Vogliamo continuare a vivere da capre, selvatici e indipendenti, oppure diventare pecore docili e miti, che si lasciano guidare dal Signore incontro ai poveri?

Letture: Ez 34,11-12.15-17; Sal 22 (23); 1Cor 15,20-26.28; Mt 25,31-46

Con il brano evangelico di oggi – ultima domenica dell’anno liturgico (ciclo A) – terminiamo l’ascolto dell’evangelista Matteo. E terminando il quinto grande discorso (quello escatologico, dei capitoli 24 e 25) chiudiamo anche una sorta di cerchio che era stato aperto col primo discorso, quello della Montagna (capitoli 5-7).

Nelle Beatitudini – infatti – i poveri, i miseri, gli affamati, erano dichiarati «beati» perché «padroni del Regno dei cieli» (cfr Mt 5,3 e 5,10); qui sono presentati come gli uscieri, i “lasciapassare” del Regno stesso: solo chi avrà riconosciuto in loro la presenza di Cristo stesso potrà entrare.

Universale perché riguarda tutti

Quella che noi intitoliamo “il Giudizio Universale” non è un’immagine a se stante, ma la terza parabola che chiude il discorso sulla venuta finale del Figlio dell’Uomo. Le tre similitudini si completano:

  • La prima parabola – quella delle dieci ragazze che attendono lo Sposo – potrebbe alludere all’invito rivolto agli Ebrei (l’antico popolo dell’Alleanza) di rimanere vigilanti, in attesa del Messia futuro.
  • La seconda – quella dei servi a cui sono affidati i talenti del padrone – potrebbe essere un richiamo ai cristiani (il popolo della nuova Alleanza), coloro che nella Chiesa hanno ricevuto un impegno, un ruolo.
  • Questa terza e ultima parabola richiama tutti gli uomini e le donne, di tutti i luoghi e di tutti i tempi, anche e specialmente quelli che non hanno mai incontrato o conosciuto Cristo, ma hanno comunque incontrato l’umanità sofferente, e hanno preso una chiara decisione di fronte ad essa: di servizio oppure di indifferenza e rifiuto.

Ecco perché è universale: ci sono dentro tutti, nessuno escluso.

È giunto il momento di separare

Il quadro si apre in modo glorioso e solenne: il Figlio dell’uomo è rappresentato come un re che siede sul trono, in procinto di emettere un giudizio. Ma subito si sovrappone anche la figura del pastore, che passa in rassegna il suo gregge (immagine presente anche nella prima lettura) e separa le pecore dalle capre.
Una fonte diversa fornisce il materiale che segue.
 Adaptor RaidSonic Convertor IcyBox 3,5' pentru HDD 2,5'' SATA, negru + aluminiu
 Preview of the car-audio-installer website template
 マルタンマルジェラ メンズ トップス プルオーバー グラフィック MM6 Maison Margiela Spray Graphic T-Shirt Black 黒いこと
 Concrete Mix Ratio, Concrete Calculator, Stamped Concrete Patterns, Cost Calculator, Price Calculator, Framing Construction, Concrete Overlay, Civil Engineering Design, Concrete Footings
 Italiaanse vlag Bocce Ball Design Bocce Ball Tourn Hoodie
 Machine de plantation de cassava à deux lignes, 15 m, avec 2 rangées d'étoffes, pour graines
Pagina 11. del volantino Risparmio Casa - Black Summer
Già nelle parabole del regno era apparsa l’immagine della “separazione”:

  • la parabola della zizzania e del buon grano (Mt 13,24-30);
  • la parabola della rete che raccoglie ogni genere di pesci (Mt 13,47-50).
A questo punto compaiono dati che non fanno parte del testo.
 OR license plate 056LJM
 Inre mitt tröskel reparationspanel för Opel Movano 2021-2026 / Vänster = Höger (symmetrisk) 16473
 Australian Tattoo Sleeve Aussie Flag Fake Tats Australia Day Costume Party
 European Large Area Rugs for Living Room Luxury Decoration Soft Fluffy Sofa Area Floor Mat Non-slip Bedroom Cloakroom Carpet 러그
Ora è finalmente arrivato il momento per quella distinzione tanto agognata tra bene e male, che sembrava procrastinata fino a suscitare l’impazienza umana.

Ma la sorpresa la fa da padrona, da una parte e dall’altra: sia i giusti che i maledetti chiedono conto della loro sorte, perché non ne capiscono il motivo.

Il criterio inaspettato

Il motivo della sorpresa di entrambi gli schieramenti è il centro di tutto il Vangelo:

«tutto quello che (non) avete fatto a uno solo di questi miei fratelli più piccoli, (non) l’avete fatto a me».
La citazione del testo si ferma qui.